The launch was held at Still Haven in Bulawayo recently.

"The book highlights the struggles and challenges faced by ordinary people," Rheam said.

"However, it is also about hope and the need to change if we are to go forward.

“The daily routines and the greater fate of ordinary Zimbabweans are represented with a deft, compassionate touch and flashes of humour."

The book has received positive feedback from readers, including from the award-winning writer Siphiwe Ndlovu.

“Whatever Happened to Rick Astley? Bryony Rheam’s wonderful collection of short stories, deals with loss — loss of identity, loss of memory, loss of country, loss of someone you love," she said.

“While the theme seems to be a heavy one, the stories capture the beauty and the magic of the ordinary.
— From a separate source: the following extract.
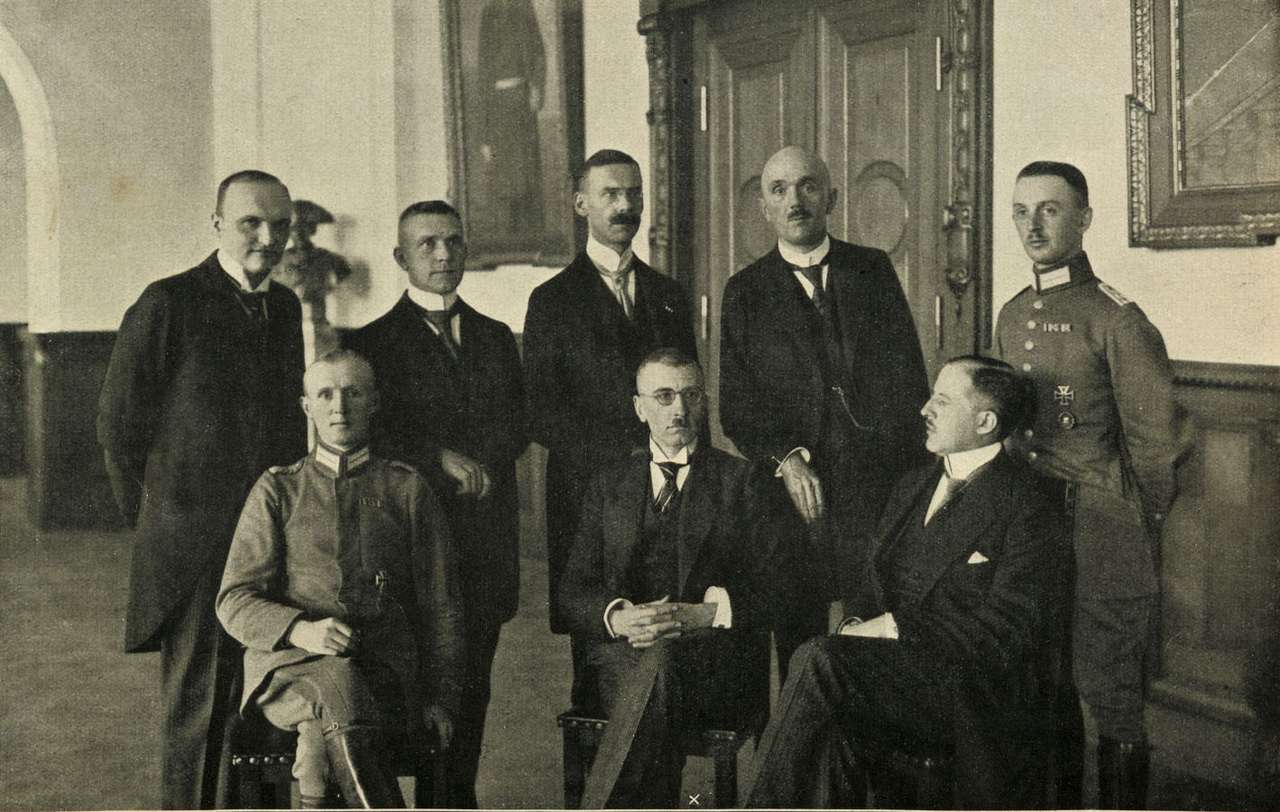 O Reich e o comissário prussiano para a área do plebiscito da Prússia Oriental puzzle online a partir de fotografia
"There is nostalgia here for what once was, but there is also a lot of hope for what could be.

"Anything that can give us hope in today’s day and age is truly amazing, and that is what this collection is.”
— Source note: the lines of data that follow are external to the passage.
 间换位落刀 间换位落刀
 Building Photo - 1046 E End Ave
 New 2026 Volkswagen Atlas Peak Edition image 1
Karen Jennings, who was short-listed for  the Booker Prize for her novel, An Island, is also full of praise for the collection.

“Bryony Rheam’s short stories are skilled, perfectly formed, and compelling; the characters are largely outsiders — whether geographically, culturally or emotionally — and completely realised, inhabiting detailed and believable worlds," Jennings said.

"In all, Whatever Happened to Rick Astley? is a deeply satisfying collection.”

Zimbabwean writer Ian Holding, whose novel Unfeeling was shortlisted for the Dylan Thomas prize, added: “This varied and eclectic collection from Bryony Rheam sizzles with the undercurrent of a continent always on the very edge of chaos and disorder, and yet there is such warmth, strength and humility to the lives of her many eccentric characters. In turn these stories are funny, poignant, at times shocking, but always deeply moving.”

Rheam’s two novels have both won awards in Zimbabwe; This September Sun won Best First Book at the Zimbabwe Book Publishers Association Awards, before going on to topping the UK Amazon charts as an ebook, and All Come to Dust won the Outstanding Literary Fiction awards at both the Bulawayo Arts Awards and the National Arts Merit Awards.